--- Source material ---

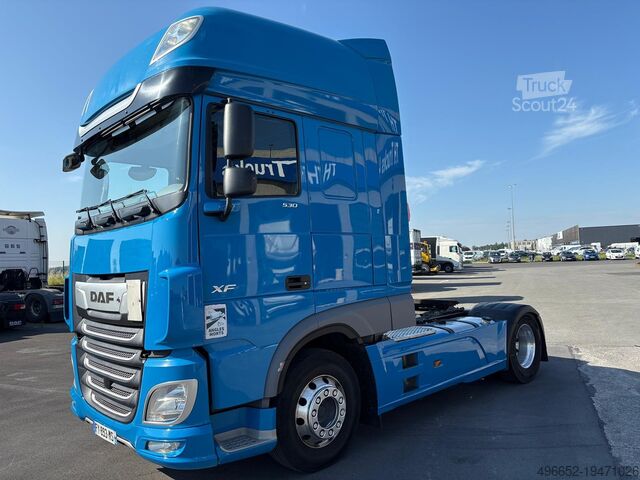 Standart traktör DAF XF 530 FT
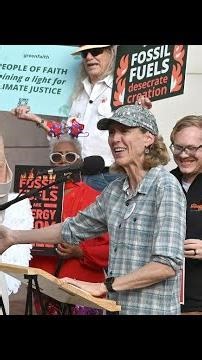 Rally outside Mecklenburg courthouse protests Duke Energy’s proposed rate hike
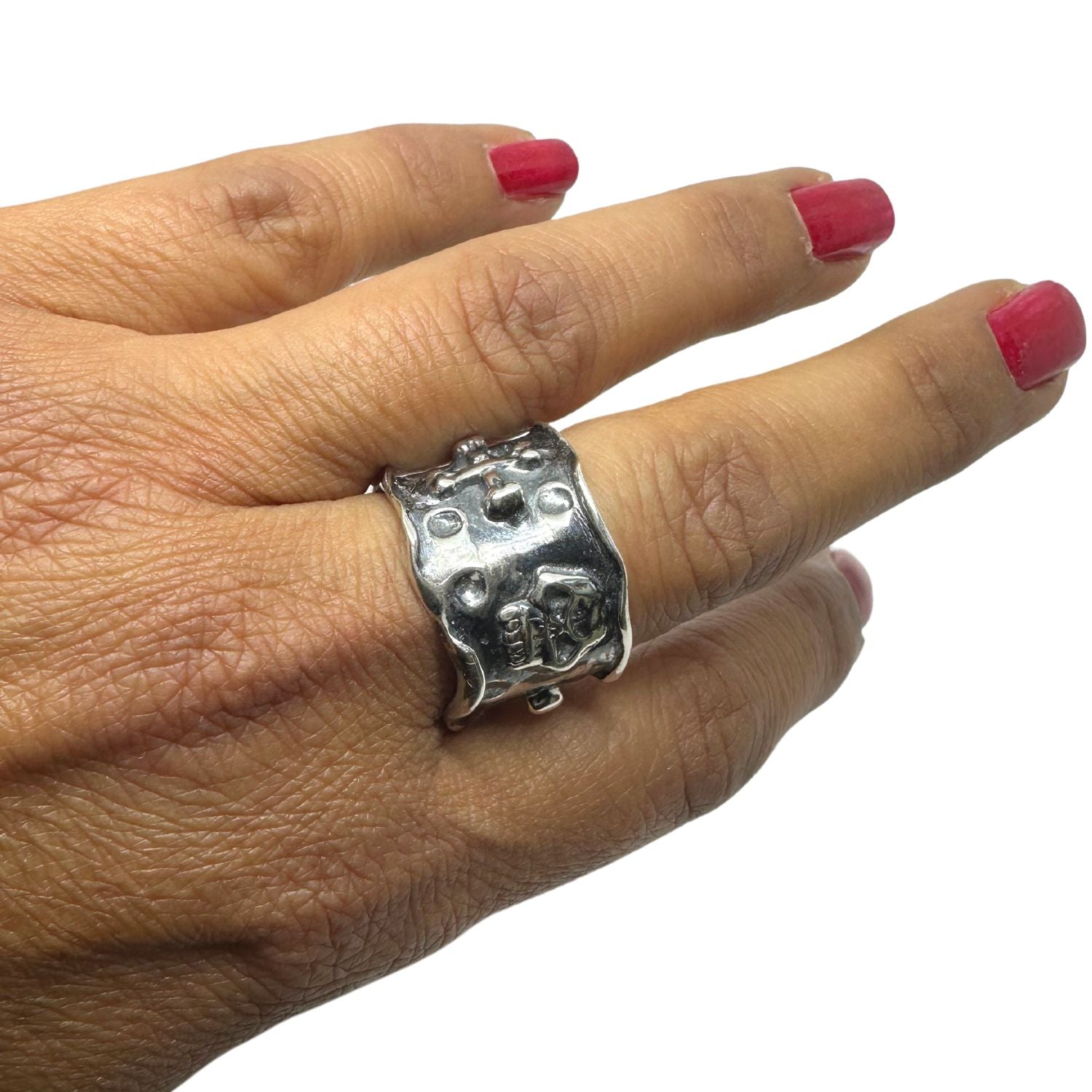 Side profile of sterling silver 925 skull and bones ring – 16.2mm wide band, hand carved in Cornwall by Tamara Gervasio, Tg-Jewellery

---

What is expected: Here the job is to quote the lines from the one with "Rally outside Mecklenburg" through the end of the material, both included, exactly; please skip the pictures.

Exercise result:
 Rally outside Mecklenburg courthouse protests Duke Energy’s proposed rate hike
 Side profile of sterling silver 925 skull and bones ring – 16.2mm wide band, hand carved in Cornwall by Tamara Gervasio, Tg-Jewellery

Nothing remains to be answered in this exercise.